## [ACTION ITEM]
After locating the line that contains "Produktbild Framesi FOR-ME", give that line and all the rest through the end of the entries again exactly, leaving the pictures out.

## [ENTRIES SUPPLIED]
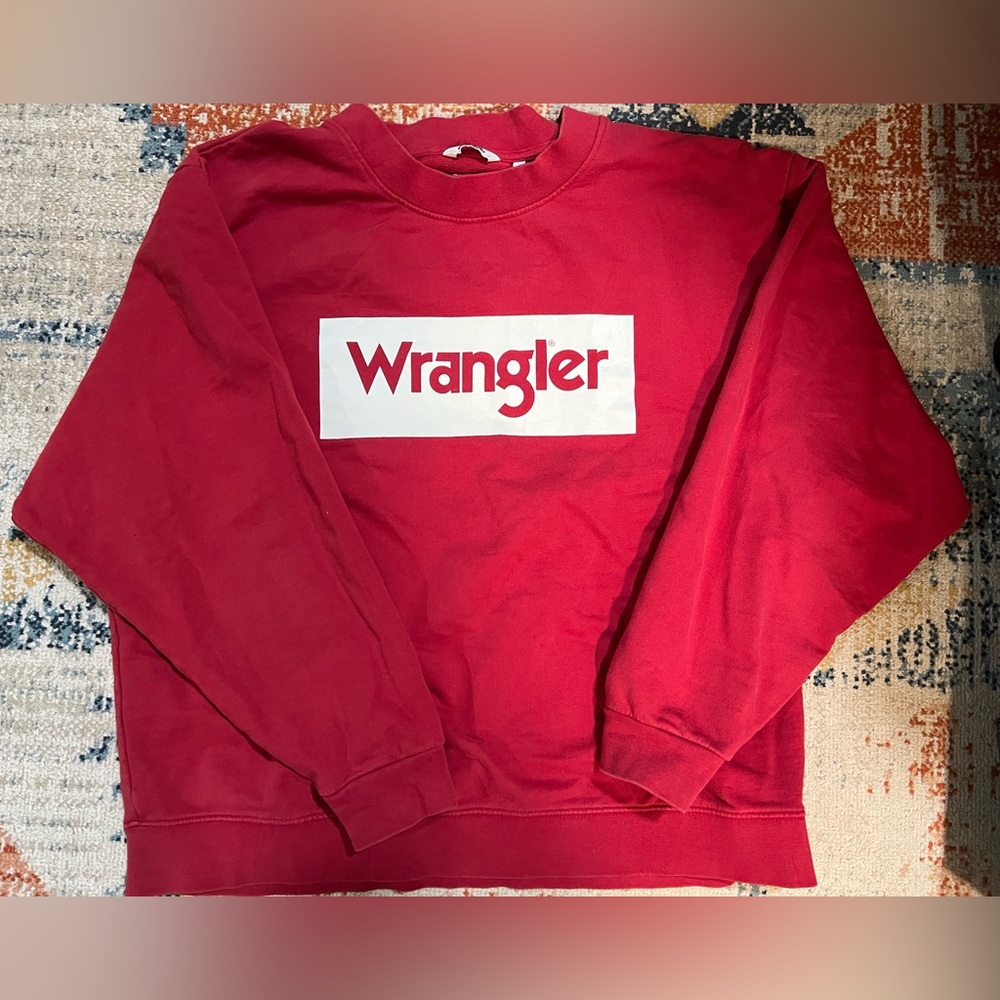 Wrangler Crewneck Sweatshirt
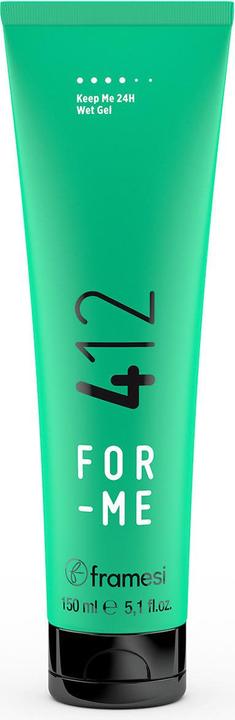 Produktbild Framesi FOR-ME 412 Keep Me 24H Wet Gel (Haargel, 150 ml)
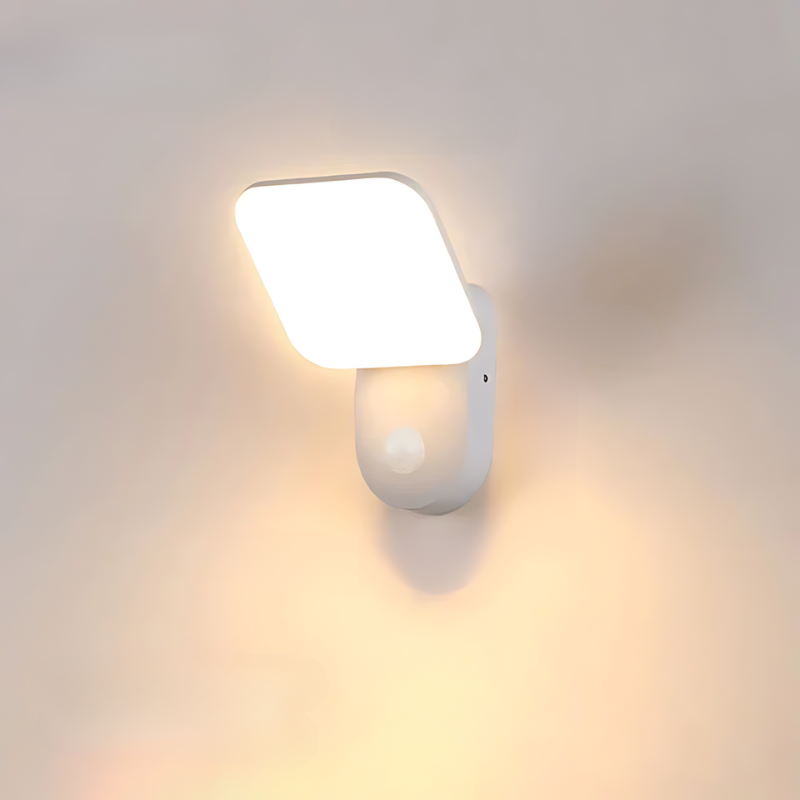 Floroux | Lampe de porche LED activée par mouvement avec capteur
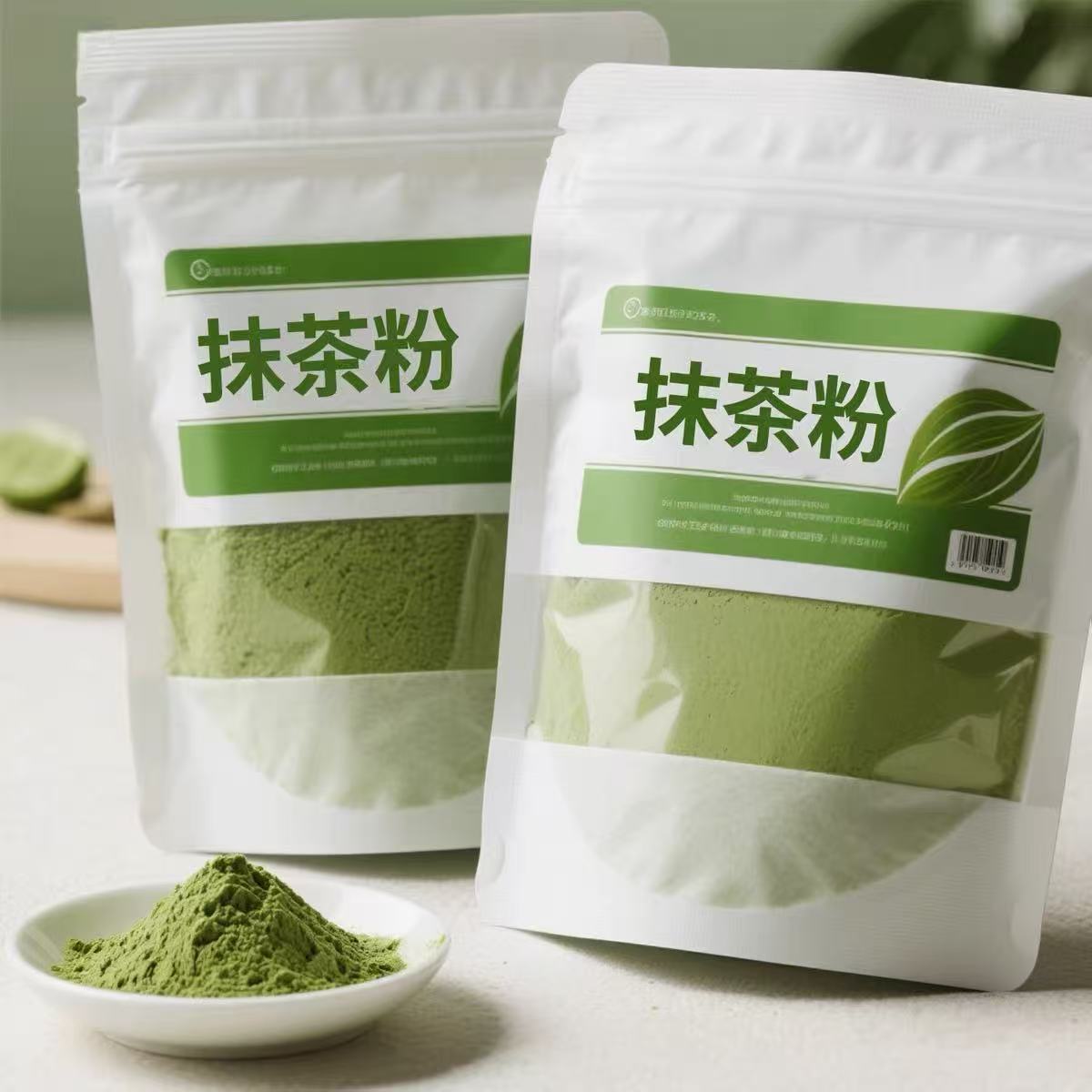 纯抹茶粉500g冲饮0无添加蔗糖烘焙专用蛋糕咖啡奶茶店原材料袋装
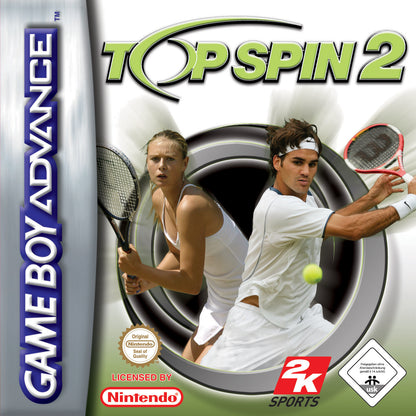 Top Spin 2 (Nintendo GameBoy Advance) - GBA - OVP + Anleitung
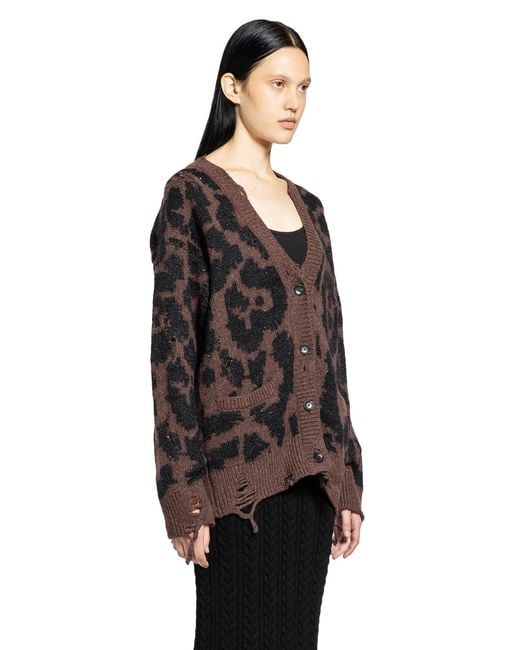 Laneus Black Knitwear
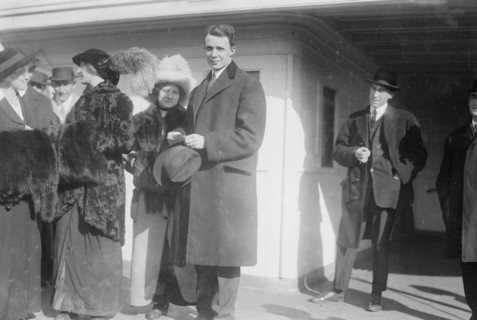 Charles H. Ebbets Jr., member of Brooklyn NL Board of Directors (baseball), 1915. Creator: Bain News Service.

## [COMPLETED TASK]
 Produktbild Framesi FOR-ME 412 Keep Me 24H Wet Gel (Haargel, 150 ml)
 Floroux | Lampe de porche LED activée par mouvement avec capteur
 纯抹茶粉500g冲饮0无添加蔗糖烘焙专用蛋糕咖啡奶茶店原材料袋装
 Top Spin 2 (Nintendo GameBoy Advance) - GBA - OVP + Anleitung
 Laneus Black Knitwear
 Charles H. Ebbets Jr., member of Brooklyn NL Board of Directors (baseball), 1915. Creator: Bain News Service.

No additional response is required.